Defendant timely appealed.
II.
“We review the district court’s application of the MVRA de novo and its factual
findings for clear error, while ultimately assessing the amount of the restitution award
under an abuse of discretion standard.” United States v. Ferdman, 779 F.3d 1129, 1131
(10th Cir. 2015). “[T]he principal aim” of restitution under the MVRA is to “restor[e]
victims to the position they occupied before the crime.” Id. at 1132. “Any dispute as to
the proper amount . . . of restitution shall be resolved by the court by a preponderance of
the evidence. The burden of demonstrating the amount of loss sustained by the victim as
a result of the offense shall be on . . . the Government.” 18 U.S.C. § 3664(e).

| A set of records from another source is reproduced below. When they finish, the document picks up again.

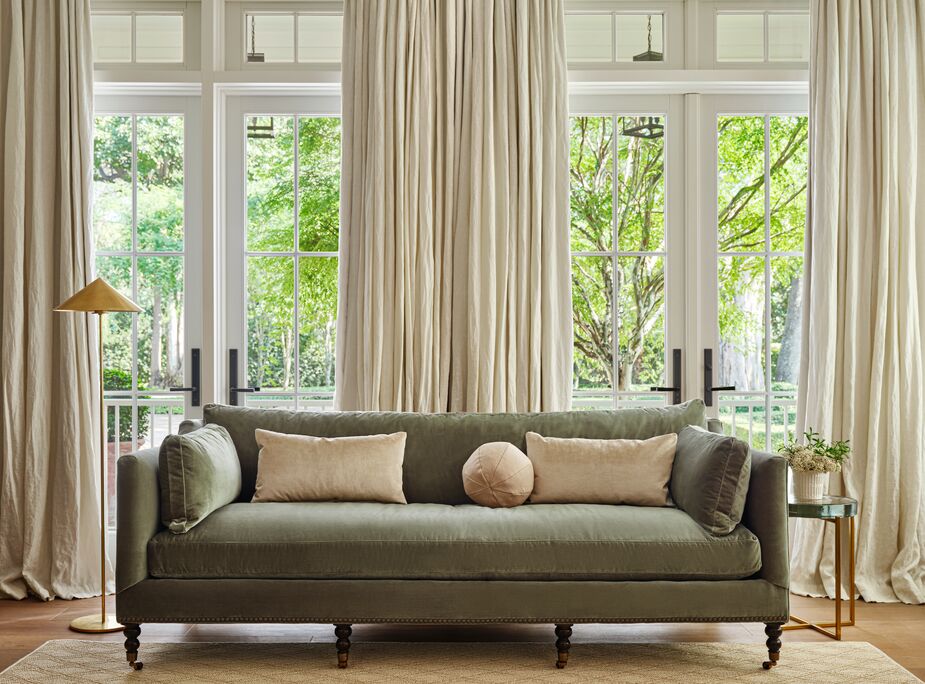 The Margot Sofa retains her crown as our top-selling furniture item. Here she’s shown with the Orsay Medium Floor Lamp, the Ada Long Lumbar Pillow in Dune Linen, and the Emma Ball Pillow in Dune Linen.
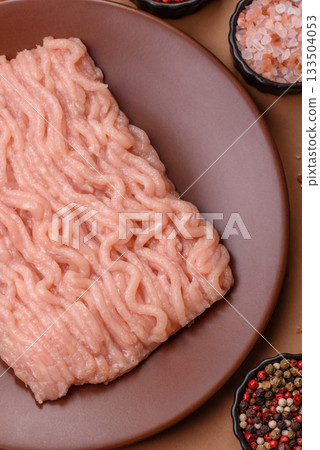 Raw minced chicken for a burger or as an ingredient in a meat dish. Raw ground chicken 133504053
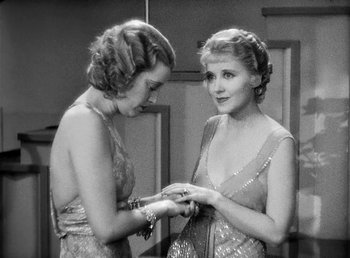 Movie still from “One Hour with You” (1932), directed by George Cukor – Two beautiful women looking at each other while holding a ring; Medium shot, High angle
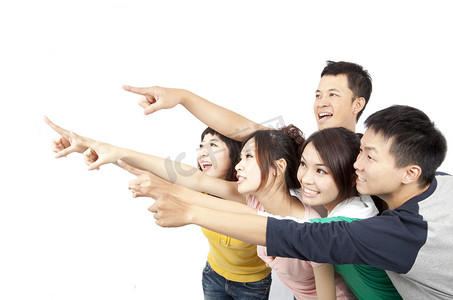 开心的学生们摄影照片_快乐亚洲年轻组指向离开隔离在白色背景上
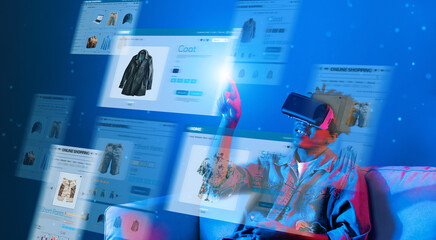 Happy african teenager sitting at sofa while enjoy online shopping while using augmented reality technology. Attractive boy choosing product from shopping list while wearing VR glasses. Ingenuity.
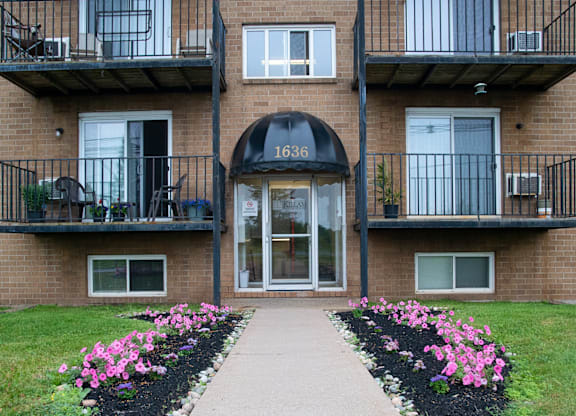 The front of apartment building number 1636 with a walkway and flower beds.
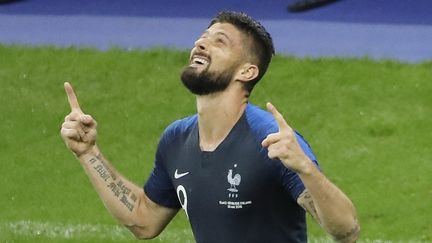 Olivier Giroud célèbre son but lors d'un match contre l'Irlande au Stade de France, à Saint-Denis (Seine-Saint-Denis), le 28 mai 2018. (STEPHANE ALLAMAN / DPPI / AFP)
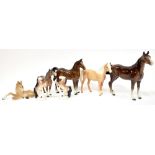 Various horse figures to include a Beswick Palomino,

That said,
“the restitution phase of criminal sentencings should [not] become a substitute for civil
trials.” Ferdman, 779 F.3d at 1133. “Speculation and rough justice are not permitted.”
Id. (quoting United States v. Anderson, 741 F.3d 938, 954 (9th Cir. 2013)). But “the
MVRA does not require a court to calculate a victim’s actual loss with exact precision.”
Id.
Defendant argues the district court committed clear error by failing to consider
credible evidence that supported Defendant’s extrapolation theory. This is simply untrue.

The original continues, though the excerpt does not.